INFORMATION SHOWN:
=== Section Start ===

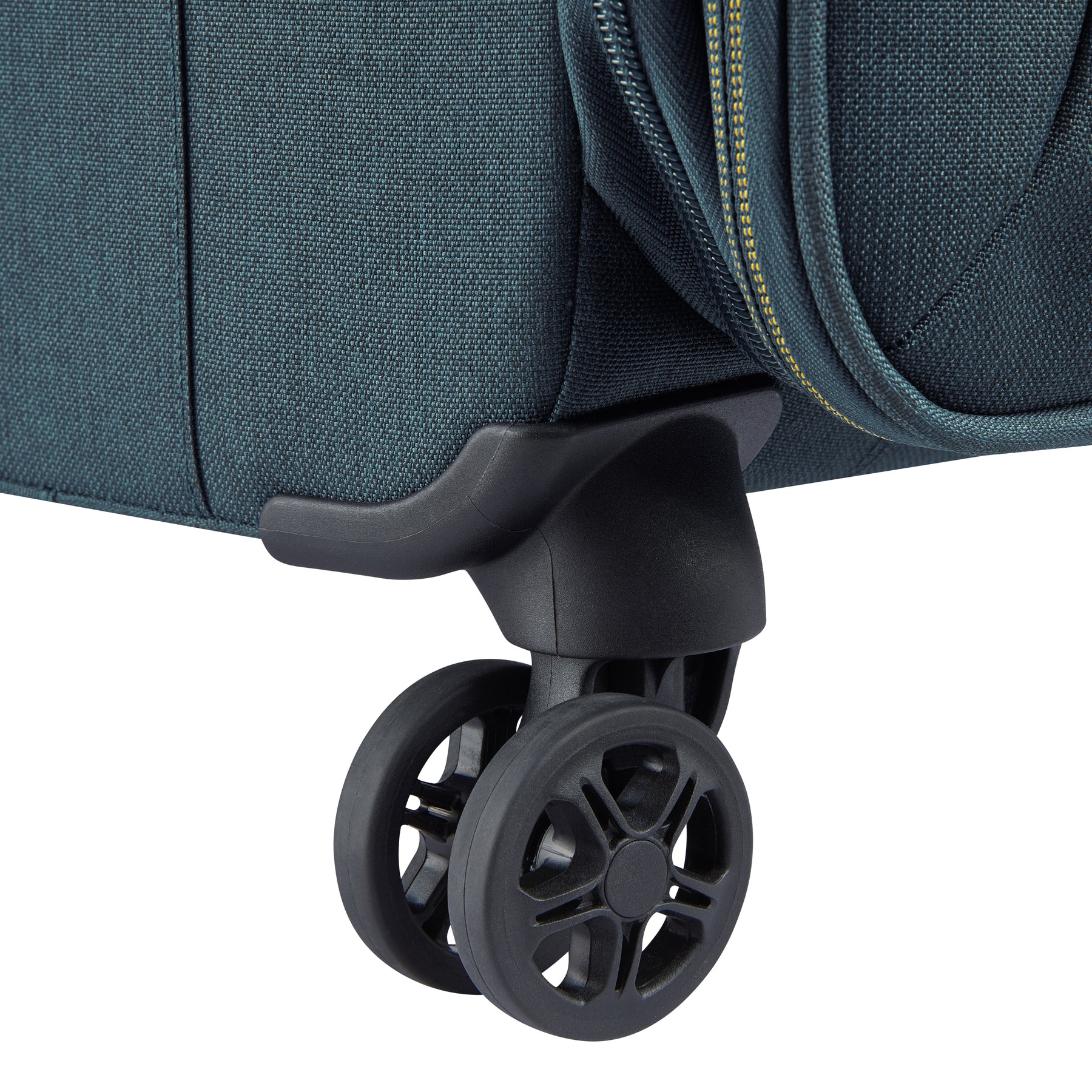 Valise cabine - S Extensible (55cm)
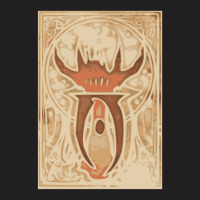 Elder Scrolls Iv Oblivion Skill Friend T-shirt | Artistshot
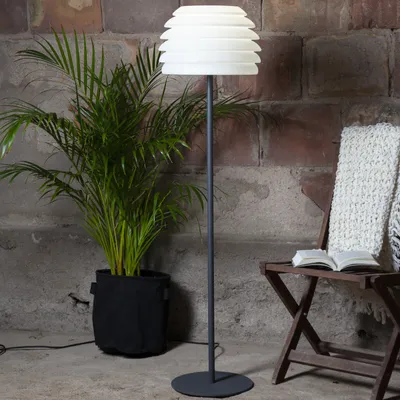Produktbild von GardenLight Rhodos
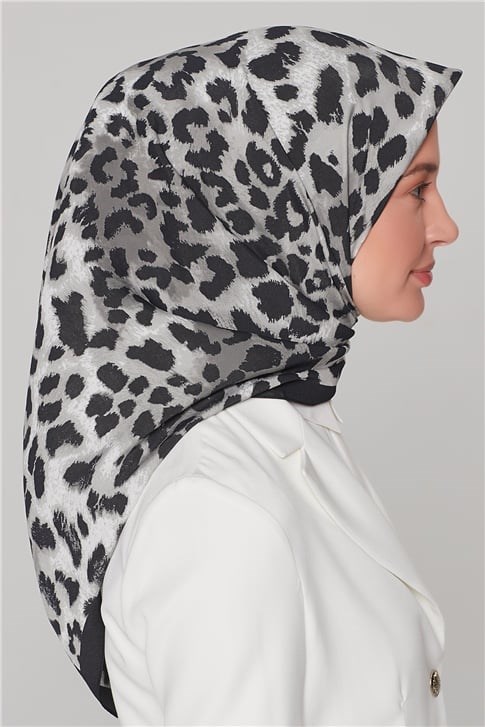Armine Trend Eşarp 00Oa6165 17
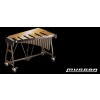 MUSSER M48 Pro Traveler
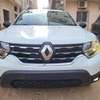 Renault Duster 2020 AWD thumb 13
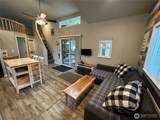 44920 Kayak Trail - Photo 10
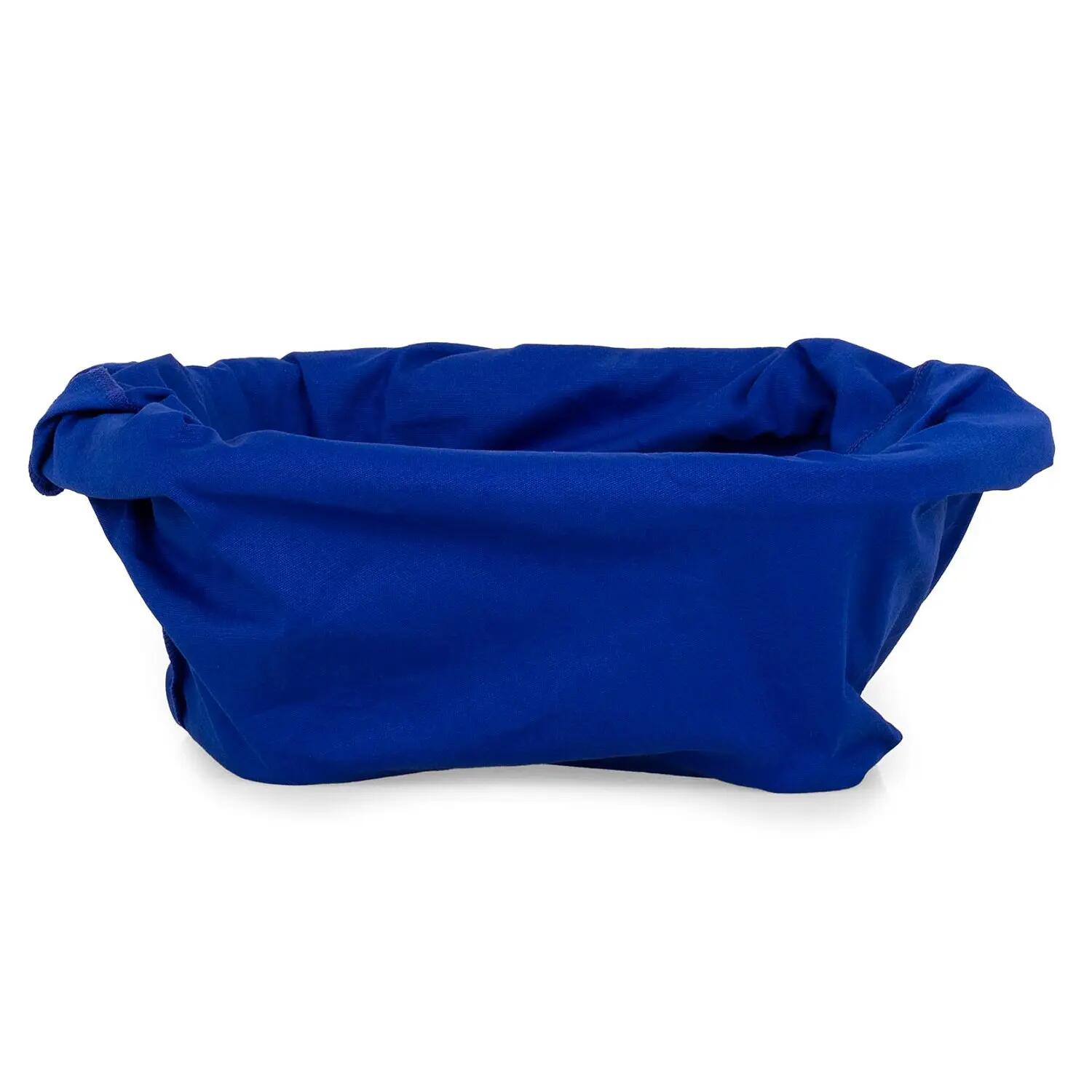 Sensorik-Wanne Dynamik Gewichtheben Unisex 2/6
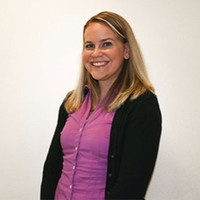 Erin Gamez Email & Phone Number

=== Section End ===

WHAT IS BEING ASKED:
Whatever pictures the entries contain, omit them, and write the rest out exactly.

WRITTEN RESPONSE:
 Valise cabine - S Extensible (55cm)
 Elder Scrolls Iv Oblivion Skill Friend T-shirt | Artistshot
Produktbild von GardenLight Rhodos
Armine Trend Eşarp 00Oa6165 17
 MUSSER M48 Pro Traveler
 Renault Duster 2020 AWD thumb 13
 44920 Kayak Trail - Photo 10
 Sensorik-Wanne Dynamik Gewichtheben Unisex 2/6
 Erin Gamez Email & Phone Number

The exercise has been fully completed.